When Finland-based Nokia (NYSE:NOK) first announced the megadeal to rid itself of its money-losing device manufacturing unit, most industry pundits and investors responded with a collective sigh of relief. It had been years since Nokia was the darling of the mobile phone market, before getting run over by Android OS phones and Apple's (NASDAQ:AAPL) list of iPhones.
The device division deal not only added to Nokia's balance sheet coffers, it also allowed it to focus on its remaining, profitable divisions including Networks -- which made up 85% of total revenue last quarter -- and the fast-growing map unit HERE, along with research and patent division Technologies. Inexplicably, it appears rumors that Nokia CEO Rajeev Suri's plans to get back into the smartphone fray are true: It's just a matter of time.
The grand plan
It will be a little over a year before Nokia can fulfill its plans of designing its new smartphone lineup thanks to a non-compete clause it signed as part of the device unit sale. But that hasn't stopped Suri from actively laying the foundation for Nokia's unlikely return to smartphones. Already, want ads can be found online for engineers and developers familiar with Android, the operating system of choice for Nokia's phones.
Suri explains that this smartphone go-round will be different in that Nokia doesn't plan on actually manufacturing the phones, as it had done for years. Though the potential for profit is greater by building its own phones, Nokia would also take on more risk due to the higher costs associated with the manufacturing process. No, this time Nokia intends to design and license its phones to outside manufacturers, a la Android, minimizing its exposure.
Of course, as investors know, less risk generally means less chance for reward, and the same applies to Nokia's new smartphone strategy. By licensing its smartphone designs, Nokia will receive royalties based on the sales results of its selected partners. But even that age-old concept isn't quite as simple as it once was.
As of the end of Q1, Android-run smartphones made up 78% of the world's smartphones, down from 81.2% the prior year. Apple's iOS actually gained share the past year, climbing to 18.3% of the global market from "just" 15.2% in 2014's Q1. As iFans are quick to point out, even more impressive than its growing piece of the smartphone pie is the fact that Apple garners nearly 90% of the industry's profits.
Those are two very large and entrenched competitors for anyone to take on. As if taking on the world's smartphone heavyweights wasn't enough, most industry pundits expect the market to become even more competitive thanks to up-and-coming smartphone manufacturers from China and India, among others.
Not sitting idly by
Nokia officially announced the sale of its HERE maps unit to a group of German auto manufacturers the first week in August for about $2.8 billion. Ostensibly, the sale of HERE was done to allow Nokia to focus on its soon-to-be larger networking division, thanks to the positive steps being made in closing its $16.6 billion acquisition of rival Alcatel-Lucent. Both U.S. regulators and the European Union have given the OK for the Alcatel deal, which will instantly make Nokia a networking force both here and overseas. But smartphones?

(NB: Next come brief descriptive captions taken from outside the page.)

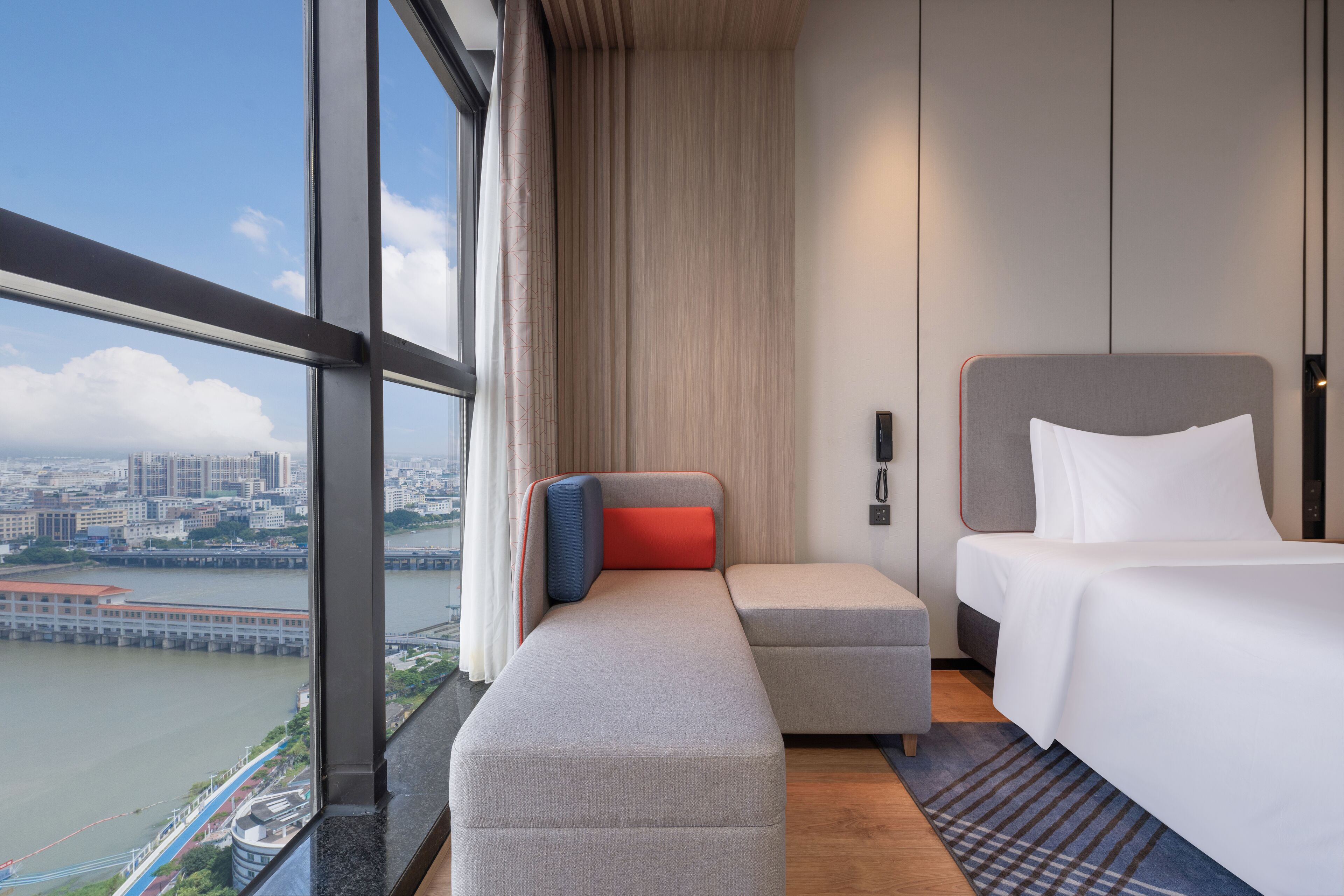 Una habitación de hotel moderna con un ventanal grande, una cama, un banco y vistas a un paisaje urbano y un río.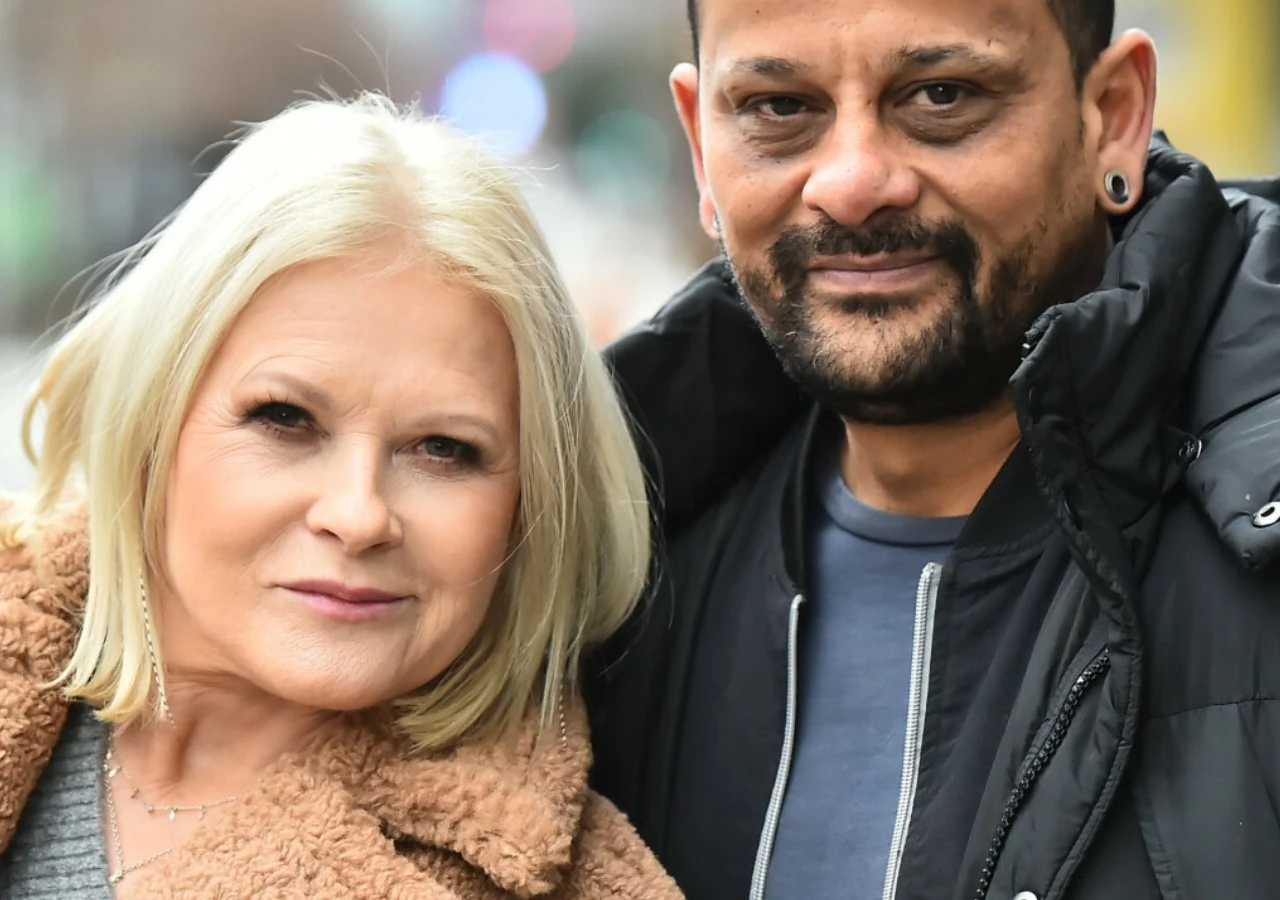 Urszula, Tomasz Kujawski Dwie osoby stoją blisko siebie, kobieta o blond włosach w brązowym płaszczu oraz mężczyzna z krótkimi ciemnymi włosami i zarostem, ubrany w czarną kurtkę.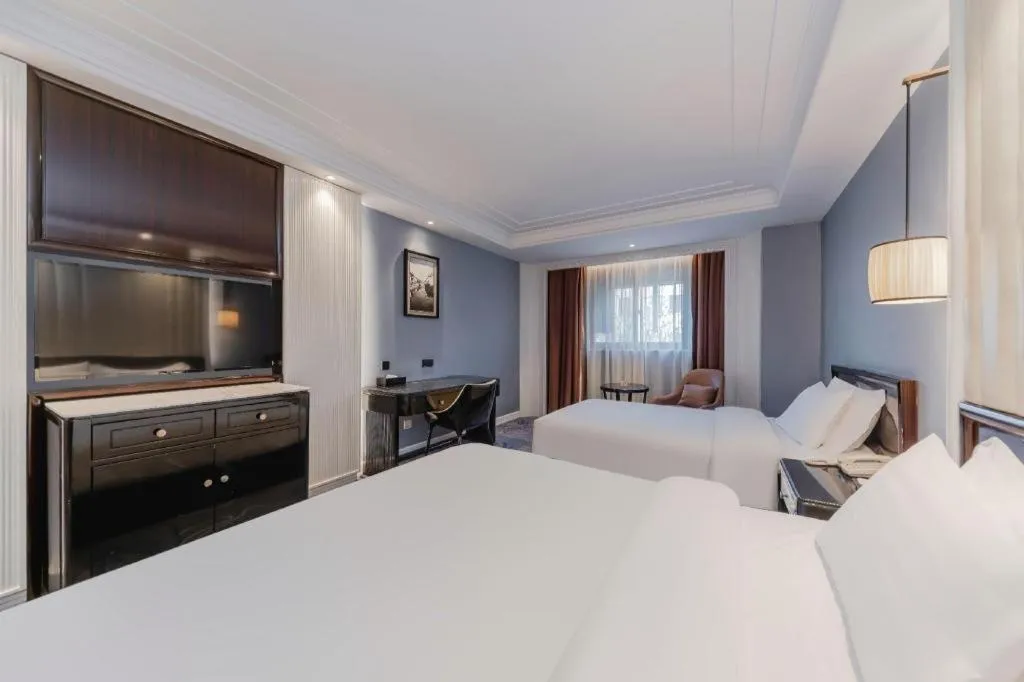 Bed in Jinjiang Metropolo Hotel Nanjing Confucius Temple Branch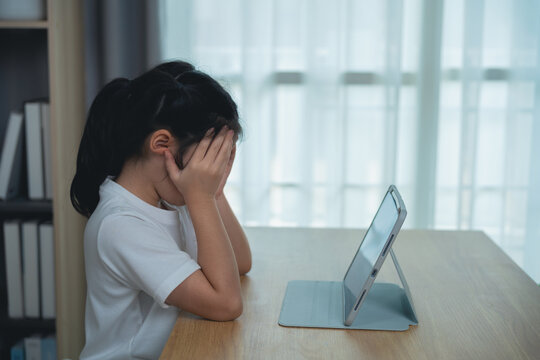Young girl feeling frustration and sadness while looking at a tablet device on a wooden desk in a well-lit room with soft curtains in the background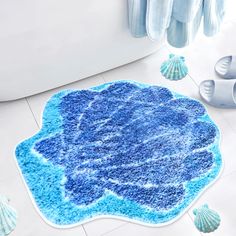 a blue rug is on the floor in front of a bathtub and seashells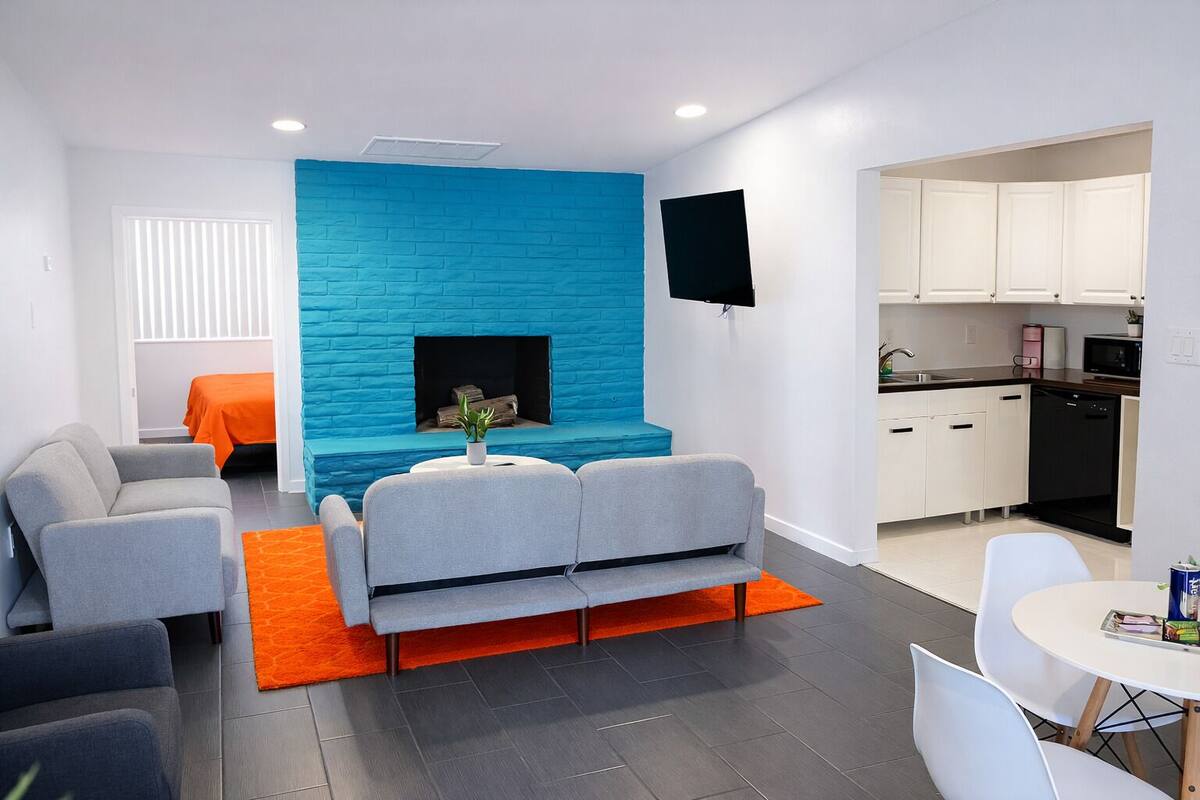 Un salon moderne avec un mur d’accent bleu, des canapés gris, un téléviseur à écran plat et un coin cuisine doté de meubles blancs.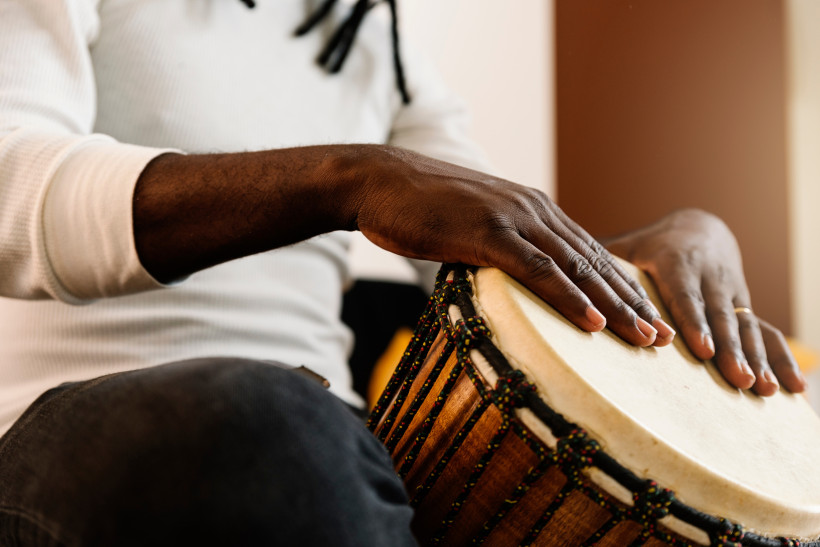 Jamaika Ein Mann spielt eine Djembe, eine traditionelle Trommel. Die Aufnahme zeigt den Oberkörper und die Hände, wie sie auf das Trommelfell schlagen. Der Mann trägt ein weißes Langarmshirt und sitzt mit überkreuzten Beinen. Die Djembe ist mit bunten Seilen verz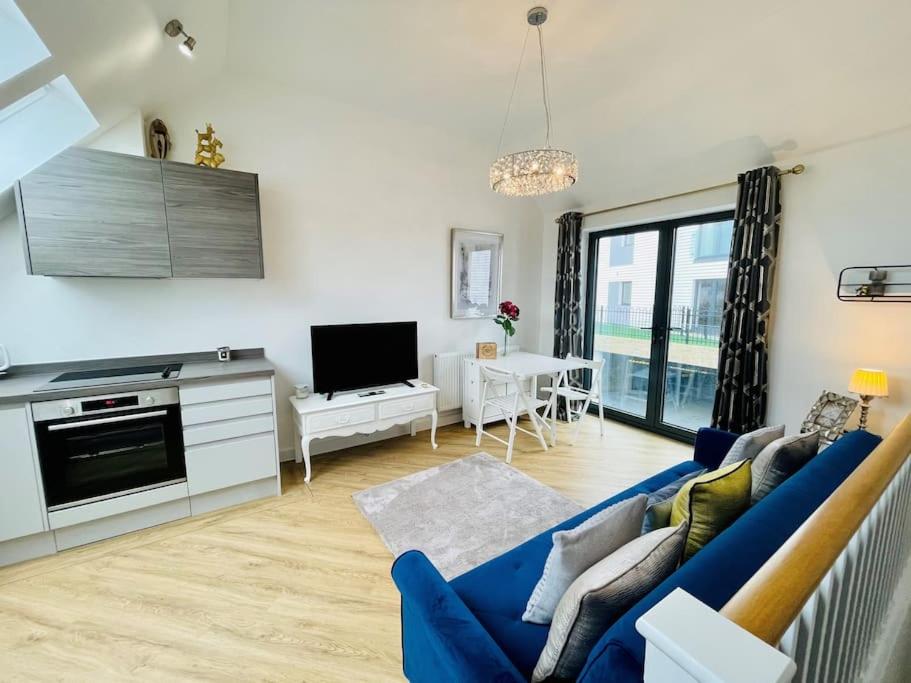 a living room with a blue couch and a tv at Salt Yard 2 - Stylish Whitstable Cottage - Free Parking - Beach - Harbour in Whitstable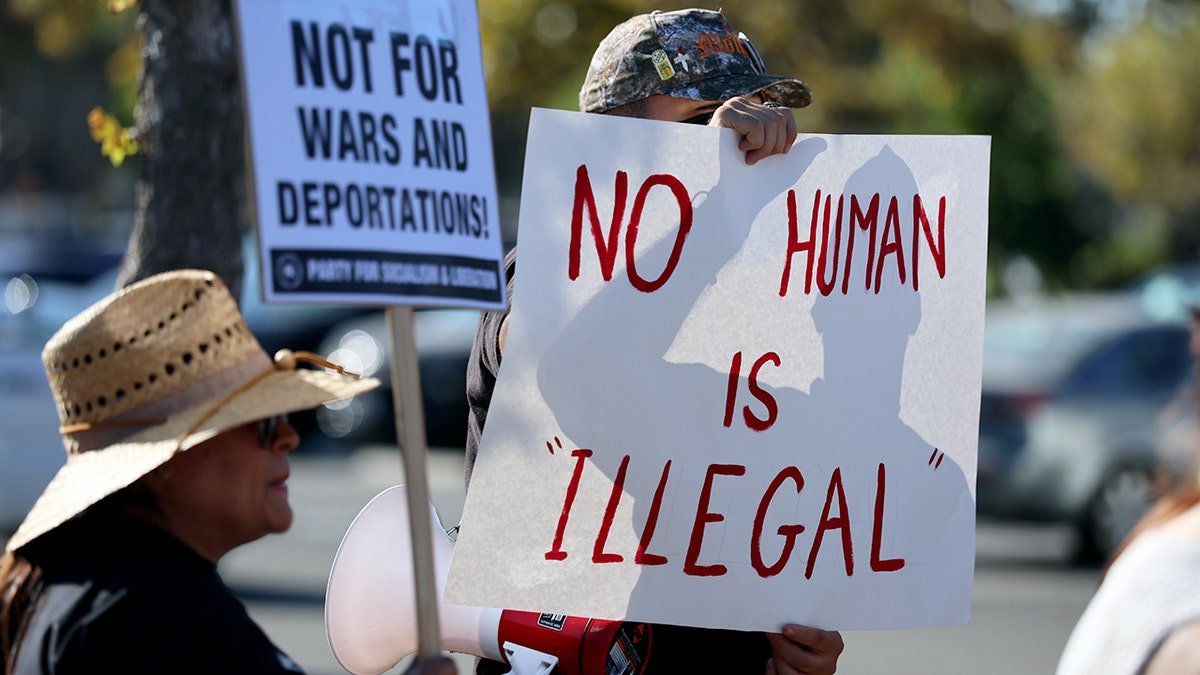 No human is illegal sign holder at protest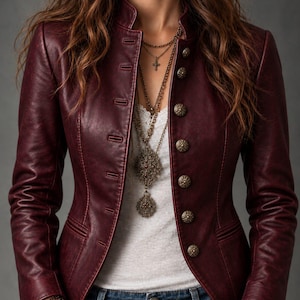 May include: A deep burgundy leather jacket featuring a high mandarin collar, long sleeves, and a front closure with ornate, round, metallic buttons. The jacket is worn over a white lace-trimmed top and blue denim jeans, accessorized with layered necklaces.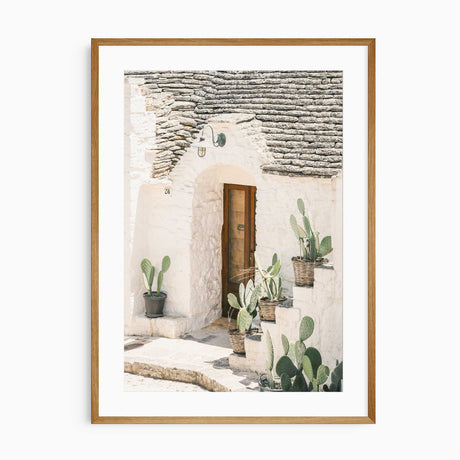 Rustic European architecture print with stone roof and cacti
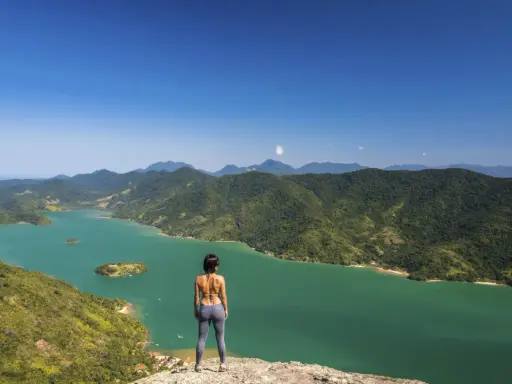 Frauenblick auf die grüne Bucht von Paraty, Brasilien, mit bewaldeten Bergen und Inseln.
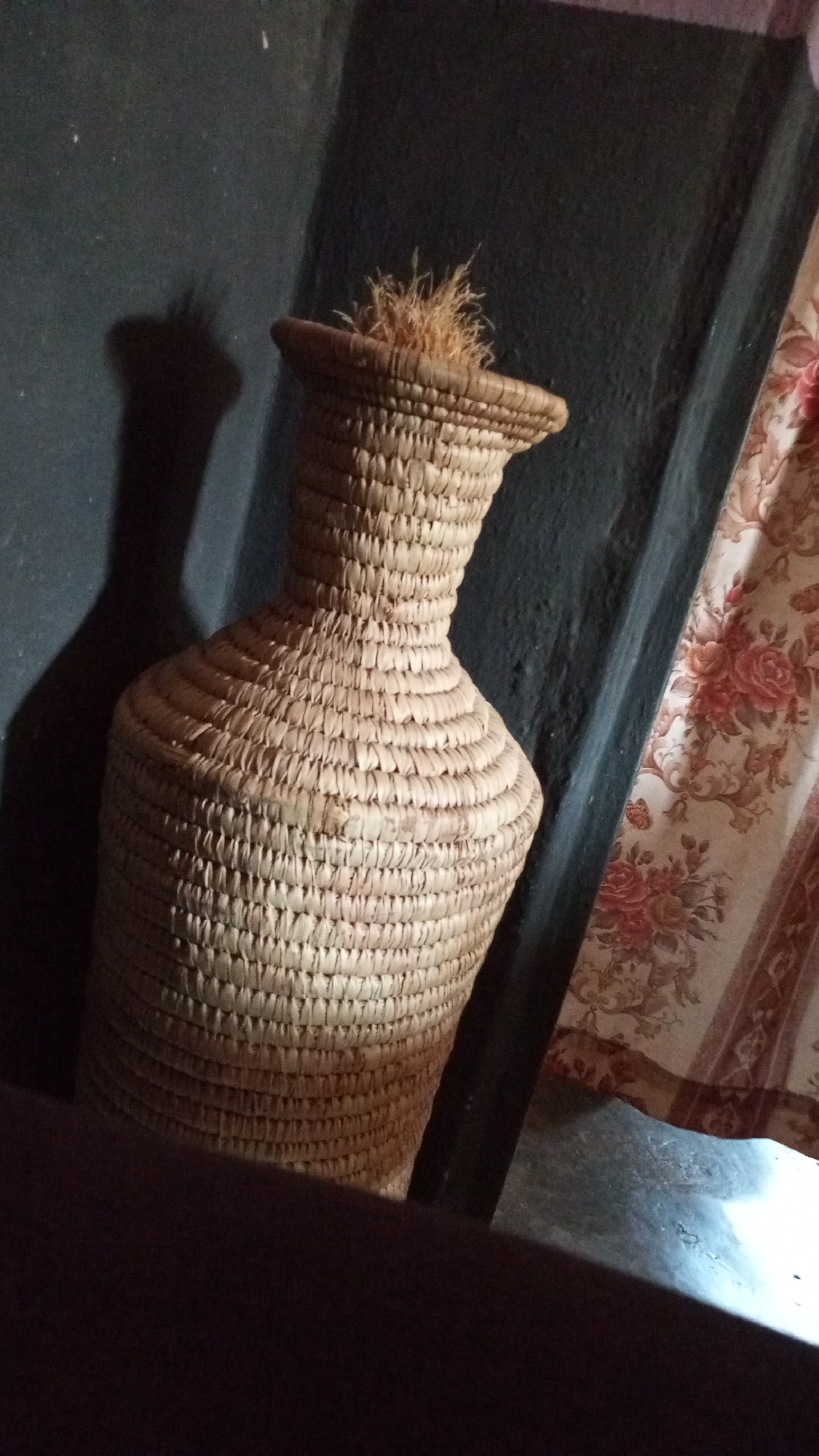 A woven vase sits in the corner of a room. The vase is tan with a narrow neck and wide body. It sits on a dark surface, likely a shelf or floor, in the city of Unknown, Unknown. Behind the vase is a dark wall and a curtain with a floral pattern. The vase casts a shadow on the wall.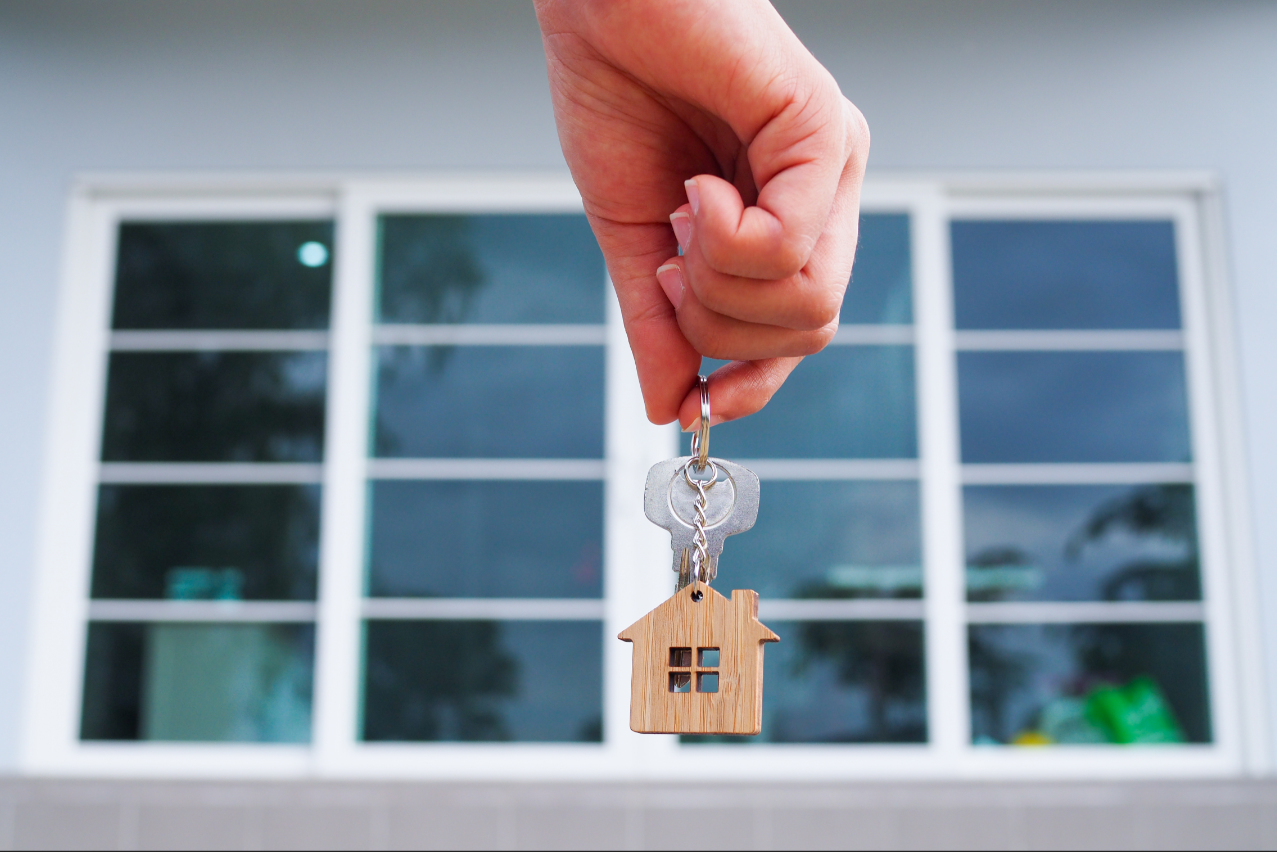 In front of large house windows, a manicured hand dangles keys with a small house token on the keyring. 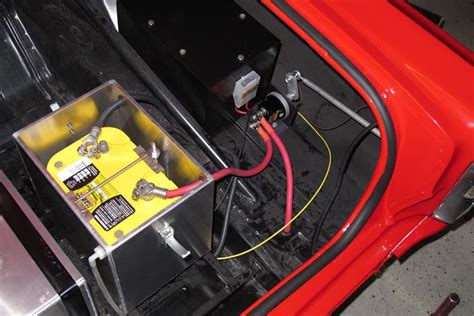 Wires to battery in the trunk 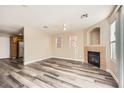 A large living room provides ample space and features modern plank floors and neutral paint at 4052 Rocky Beach Dr, Las Vegas, NV 89115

In describing Nokia's smartphone ambitions, one analyst said, "They want to be innovative and seen as a company with long-term vision in the (tech) industry, and having a foot in devices plays into this impression." This doesn't sound too far from the truth, but appearances are no reason to make what is likely going to be a poor business decision.
If Nokia wants to show the world it's still innovative, it should stick to devices like its new, cutting-edge virtual reality camera Ozo. Unlike smartphones, Ozo appears to be a great product, and more importantly, it fits nicely into what is quickly becoming a burgeoning market: virtual reality. Nokia's new tablet running Android also makes sense, in that unlike PCs, the tablet market is expected to continue growing.
With the sale of HERE inked, and the Alcatel-Lucent acquisition moving along nicely, Nokia was ready to focus on its networking business, while conducting its research and managing its patent portfolio on the side: perfect. Unfortunately, it appears Suri doesn't know when to say "when."